Все в миг разбежались, увязая валенками в снегу. Инженеры расхохотались.
– Пойдемте к ней, – предложил Смирнов.
По дороге он рассказал: их навестили начальник строительства и отец Генки. Батманов говорил с ребятами, побранил Татьяну и его, Смирнова.
Таню они нашли в головной бригаде, которая выбирала направление для прокладки линии. Связисты расчищали себе дорогу на покатом склоне, густо поросшем спутанным буреломным лесом. Таня в белом полушубке, черных валенках и красной вязаной шапочке стояла в стороне возле трех березок, росших как бы из одного корня. У ног ее весело потрескивал костер, желтые языки пламени вскидывались кверху.

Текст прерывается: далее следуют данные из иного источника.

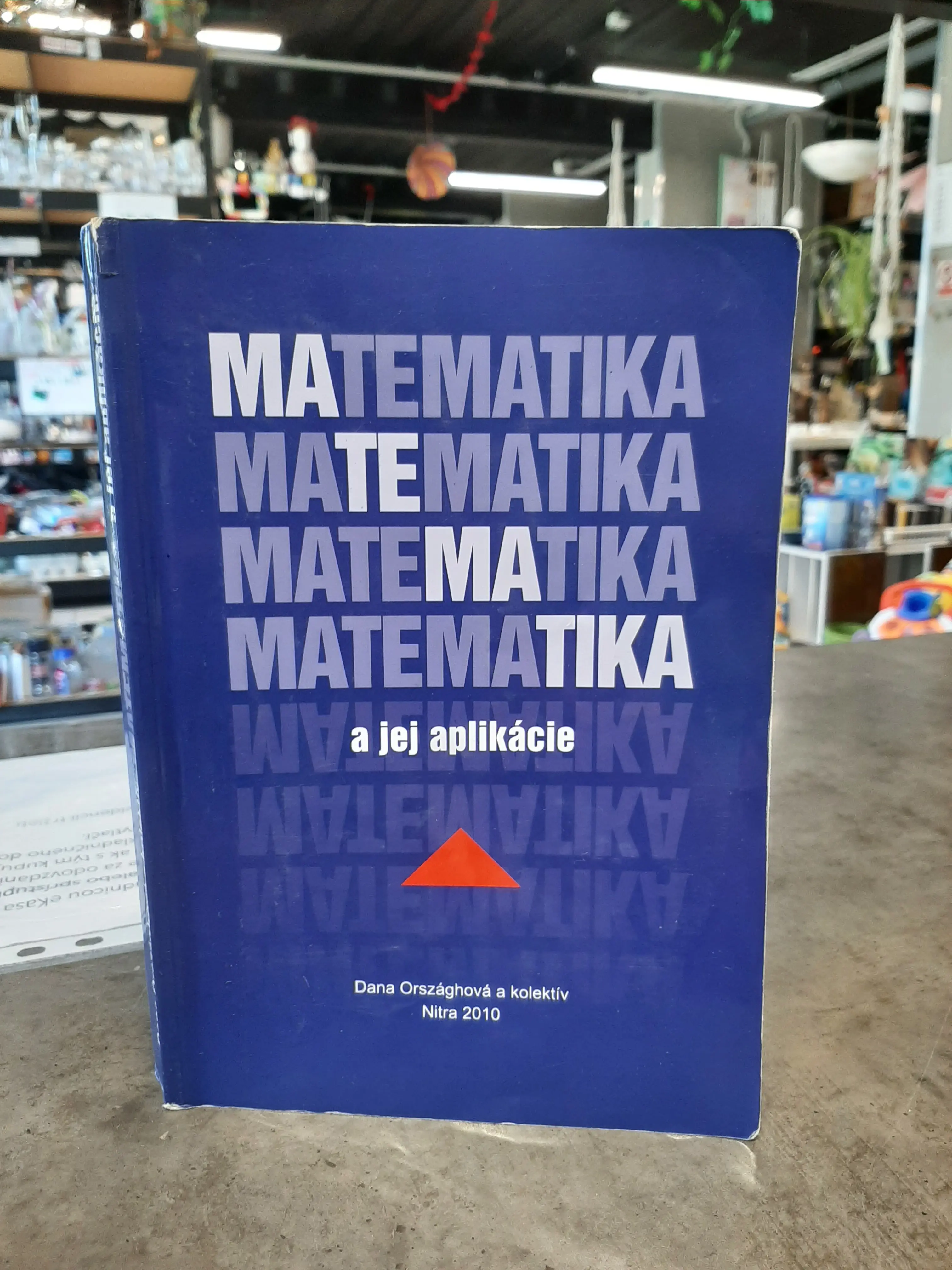 Matematika a jej aplikácie
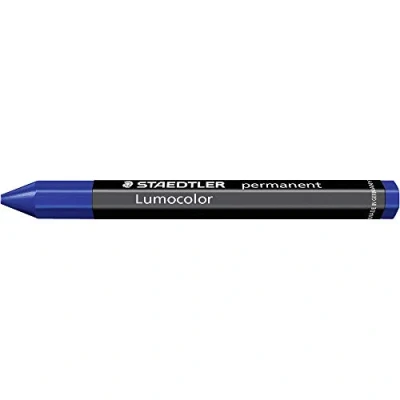 Immagine di Staedtler Lumocolor 236 omnigraph permanent 3 Pastello Blu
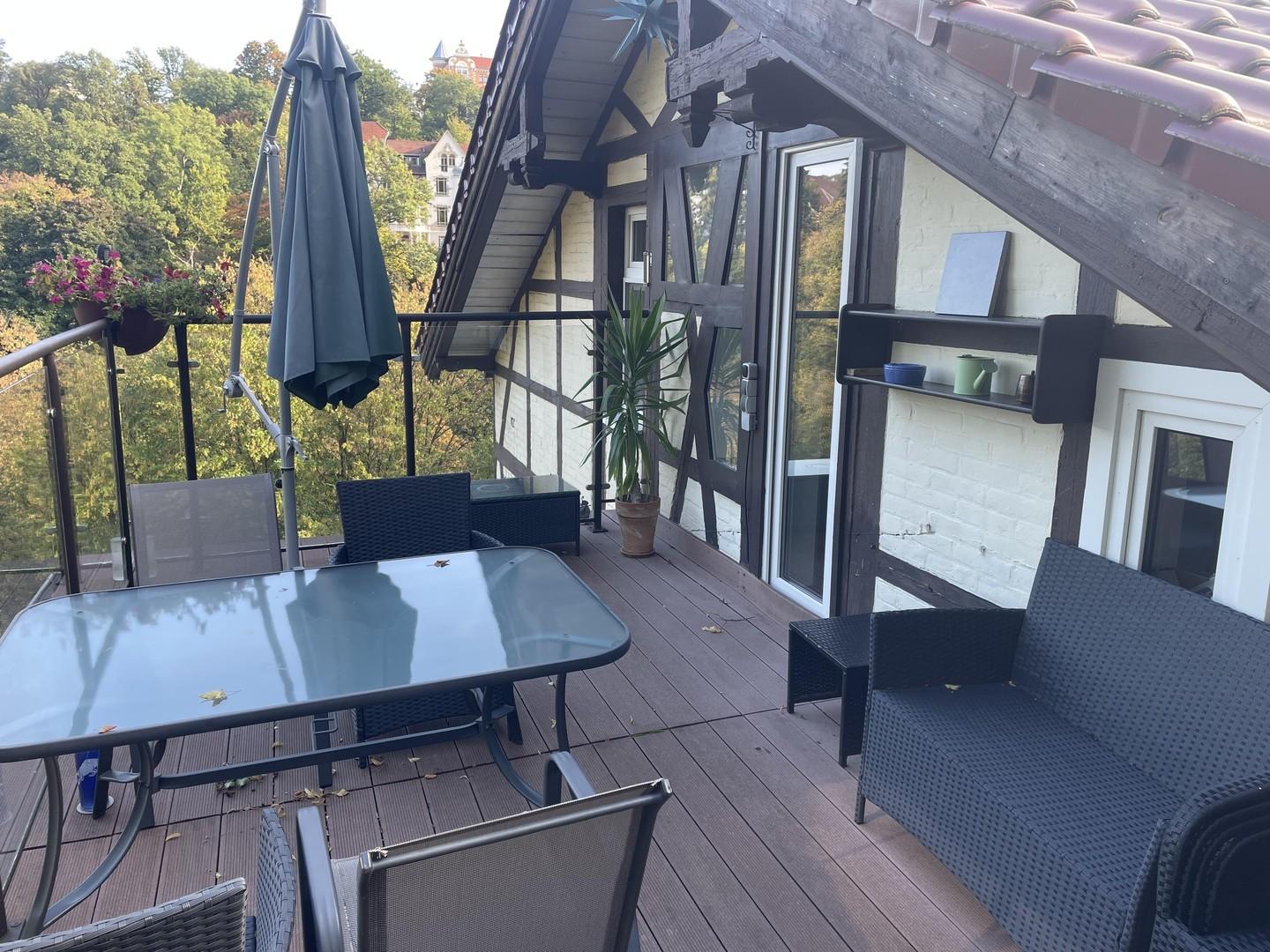 DG Dachterrasse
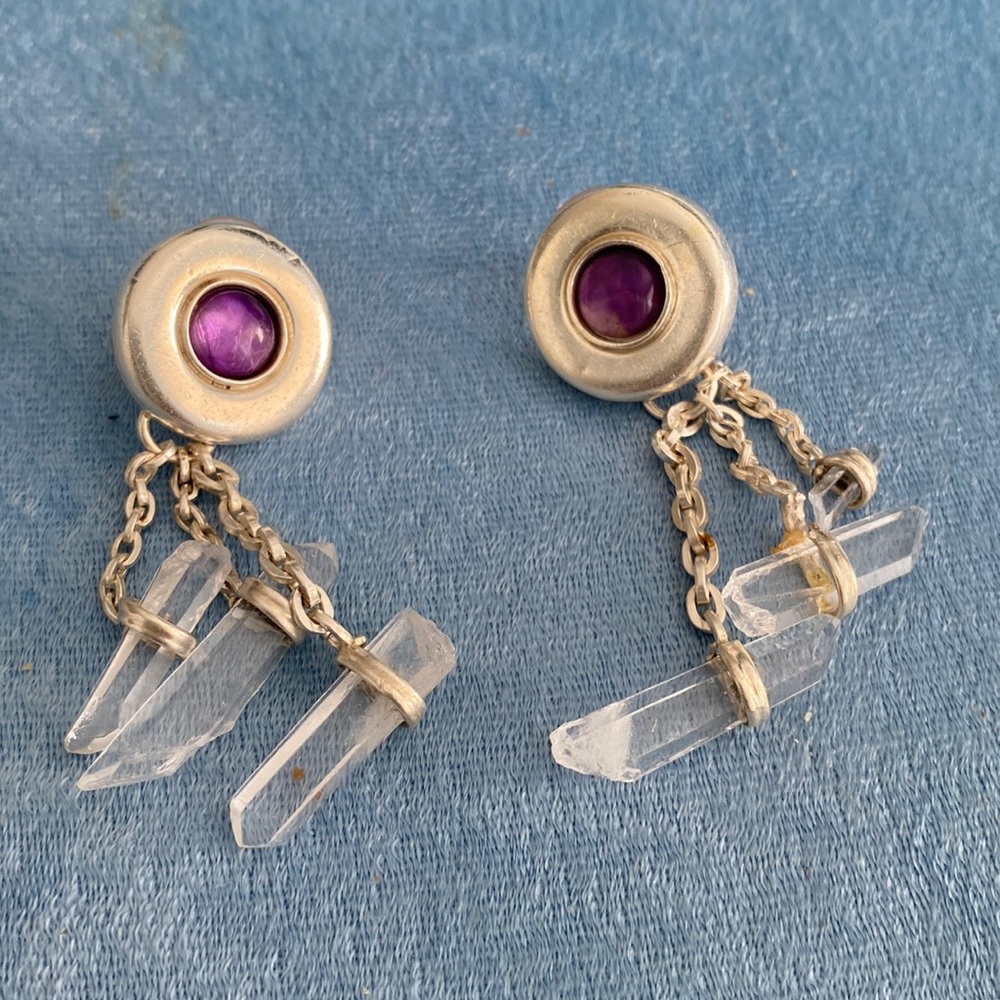 Earrings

Она обернулась, услышав скрип снега, но при виде инженеров не выказала ни удивления, ни радости. Только дрогнули ее длинные заиндевевшие ресницы.
Ковшов, шедший первым, дружески привлек девушку к себе. Она, верно поняв его движение, прильнула к нему и коснулась губами его щеки. Прикосновение ее холодноватых на морозе губ растрогало Алексея.
– Здравствуй, хозяйка тайги... Здравствуй, красавица...
– А что же на мою долю выпадет, Красная шапочка? – спросил, подходя, Беридзе.
Таня взглянула на него и расхохоталась.
– Дед Мороз настоящий! На его долю выпадет простое здравствуйте!
Беридзе с пушистым от инея усами и бородой, с мешком за спиной и впрямь походил на елочного деда. Таня поклонилась ему и протянула руку, вынув ее из неизменной своей красной варежки. Беридзе, бросив на снег лыжные палки и большие рукавицы, бережно взял ее руку обеими руками.
– Ой, уже заморозил! – сказала Таня, когда он сжал ее ладонь. – Дед Мороз!
– Ничего, мы сейчас разморозимся и станем снова кавказским мужчиной средних лет, – сказал Беридзе, наклоняясь над костром и оттирая бороду.